Darlington Chibueze Anuonye
My family owned a goat when I was a kid. Anges was her name. Agnes delivered her first set of kids during the 1996 Olympics games at exactly the moment Nigeria scored the third goal that gave us victory over Argentina. Imagine the memories I relived when Nedu named the chicken Otuanya because the bird had lost an eye. His sympathy for and friendship with the bird was so great his mother delayed killing the animal for several days. It appears that shared experiences facilitate sympathy, as Nedu’s response shows, “Nedu had once had a boil on his left eyelid so big that he couldn’t open it for days. His heart went out to the bird.” What is in a story that we so readily see parts of ourselves in it?
Uche Okonkwo
I think the best stories have something for everyone. I feel very lucky that “Animals” came into being the way that it did. I had fun writing it, and it has been such a gratifying experience hearing from readers who connected with the story. I’ve heard similar stories from people of different backgrounds—including friends and strangers at book readings—about the animals in their own childhoods that they had bonded with, only to realize, too late, that these animals were meant to be eaten. These experiences have lived in their memories, just as my own memories have stayed with me all these years. It feels important to be able to have these connections with people, some of whom I probably will never hear from personally. I think this is one of the things stories help us accomplish as humans, that sense of connection.

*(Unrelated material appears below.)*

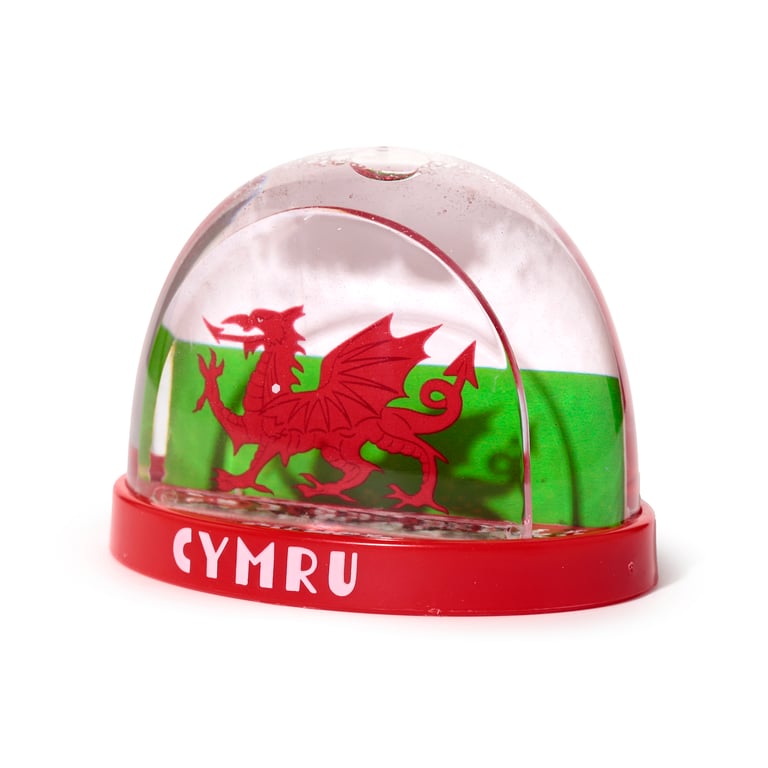 Collectable Snow Storm Welsh Dragon Wales Figurine - Plastic & Glitter Statue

Darlington Chibueze Anuonye
When Nedu’s father Ebube killed Otuanya to prove his masculinity to Uzoma his wife, I thought of Okonkwo’s role in Ikemfeuna’s death in Chinua Achebe’s Things Fall Apart. Do you remember Ezeudu’s advice to Okonkwo? “That boy calls you father. Do not bear any hand in his death.” Yet, Okonkwo killed Ikemefuna because he did not want to be considered a weak man by his clan. I read this sentence three times—the tenderness and hope and wisdom are moving: “It made sense: if you gave a thing a name, you couldn’t turn around and eat it as food. And so after Nedu performed the ceremony, and the third and fourth and fifth days of Otuanya’s life passed uninterrupted, he let his heart settle.” How do you apprehend this moral burden?
Uche Okonkwo
I love this connection you make to Ikemefuna’s death scene which, in my opinion, is one of the most impactful moments in the entire novel. I would never have thought of this connection myself. One of the things I enjoy about writing child characters is that I get to play with the simple profundity—you called it “wisdom” and I agree—of child logic. I think that child characters often present a great opportunity to critique the lives and concerns of adults, our many hangups and hypocrisies. That’s a big part of why I am drawn to them. There’s also something nostalgic about writing child characters; I sometimes feel a longing to go back to a time when things appeared as simple as “if you name a chicken, you can’t eat it as food.” As a writer, I think I’m better at asking questions than answering them, and so the story doesn’t provide easy answers—at least I don’t think it does—just a bunch of lingering questions.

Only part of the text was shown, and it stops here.